The guide clearly highlights the few difficult sections along the way. Apart from these sections, all the other routes are easy to walk and require no particular caution or skills. If you suffer from vertigo or similar problems you can take one of the many alternative roads that run at the bottom of the valley, they are paved but usually longer.
There is one more important aspect to consider: footwear. When you walk across a plain trekking sandals are good, and light trekking shoes are usually enough to walk forest roads. Nevertheless sometimes forest roads and trails in particular may require a pair of hiking boots or at least ankle boots to support your feet and ankles. In addition to this, don't forget that Eastern Friuli is one of the rainiest areas in Italy.

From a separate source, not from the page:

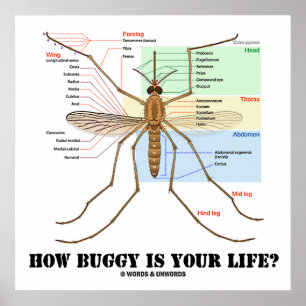 Hoe lelijk is je leven? Mosquito Anatomy Humor Poster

Please note that the starting and finishing points of some stages are sometimes intentionally "generic" or take churches, squares and so on as a point of reference, to allow pilgrims to find the road to take, independently of their accommodation. As far as the names of small villages are concerned, you will find them all on the guide, but don't expect to find relevant road signs along the way, especially if you walk country roads. To help you orient yourself we matched the texts of the guide and almost all the crossroads on the maps with numbers allowing you to ascertain your current position.
Moreover the itineraries are marked in blue, to help you take the correct road when there is a choice of more than one.
There shouldn't be problems at all because all relevant routes, trails and paths are described in careful detail. But sometimes what is clear or not relevant to the authors may give rise to doubts for pilgrims, therefore please don't forget that:
A) byways and byroads not described are not relevant to your itinerary;
B) if there are no specific directions for a crossroad go straight on or at least continue walking along the same road.
Accommodation and hospitality points:
As far as accommodation and hospitality points are concerned, you will find the dedicated PDF "Detailed itinerary and relevant maps" under the section: Accommodation and useful information.
As for the Santiago pilgrimage, the Heavenly Way has its Credential too. The Credential is the document whose primary function is to attest that the traveller is a pilgrim and not a tourist or a hiker. As a consequence, if you don't have the Credential some of the accommodation structures along the way might decide not to host you.
You can download the Credential from the webpage Accommodation and useful information under the section "Pilgrim's credential "; you can also collect it at the Souvenirs Shop:
"Souvenir Aquileia" di GHIRETTI Andrea
via Patriarca Popone 2 - Aquileia
"Libreria Souvenir alla Basilica"
piazza del Capitolo 4 - Aquileia
You can also collect the Credential in Aiello del Friuli, from Mr Claudio Peloi, mob. phone: +39 328 002 8816 and/or from Mr Aurelio Pantanali, mob. phone: +39 348 251 7303 (in August only). Finally, you can ask for the Credential also in occasion of the periodical meetings of the association "Iter Aquileiense" (see webpage Events), provided you advise the cited contact person in advance:
If this is your first pilgrimage or if you are not an expert hiker, you will find useful suggestions contained in the PDF file "The Heavenly Way - suggestions" under the section Accommodation and useful information.